Kuntz built the roster with the same mindset. He wasn't just collecting talent. He was assembling people with something to run toward.
"Everyone that we brought in on this roster has something to prove, just like us as a staff," Kuntz said. "Really, really good players — and in their collective, a lot of them haven't won."
That hunger shows up every day in practice. But what's struck people early isn't just the edge this group carries — it's how quickly the walls have come down. In most new rosters, it takes time for people to stop performing and start just being themselves. This group didn't seem to need that runway.
Powell noticed it almost from day one.
"Usually with some groups, a lot of new faces, a lot of guys are — I don't know if it's nervous or scared to be themselves," Powell said. "But with this group, since day one, everyone has shown who they are. They're not scared to show their character. I think that's what brought us together and connected us so easily. Everybody's just being themselves."
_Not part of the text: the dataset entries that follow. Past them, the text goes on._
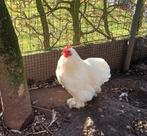Cochin kriel haantjes, Dieren en Toebehoren, Pluimvee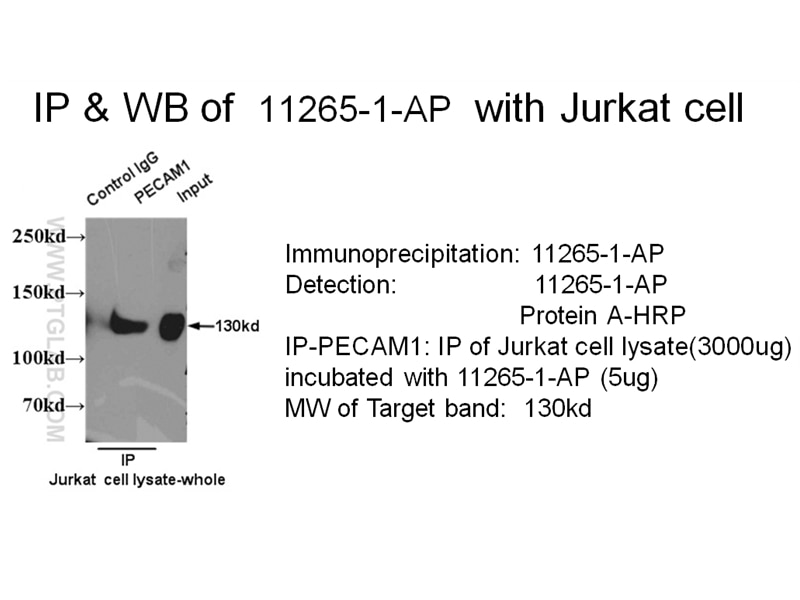 CD31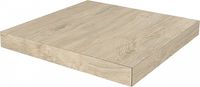 Сходинка Kerama Marazzi Сальветти SG506500R GCS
Back on the court, Diomande doesn't let a single ball drop without a fight. He grabs his own miss off a three, the play cycles around and he finishes it with a dunk. Chase Foster is getting his hand on every rebound, taking advantage of his length by forcing turnovers. Moore chases a loose ball, pushes it ahead to Diomande, who finds Jermal Jones for the three.
Everybody celebrates like it counted.
It doesn't yet. But they're playing like it does.
That's the thread running through everything in this gym: a refusal to coast, to go through the motions, to treat a summer practice like it doesn't matter. This group didn't come to Pitt to get comfortable. They came because they haven't won yet. And they know it.
George has a word for what this group is.
"Resilience," George said. "A lot of guys in here have been knocked down. Been the underdogs. And now we're trying to get our way back up."
The season hasn't started. The work is just beginning. But walk into that gym — listen to it, watch it — and it's hard not to feel like something is being built.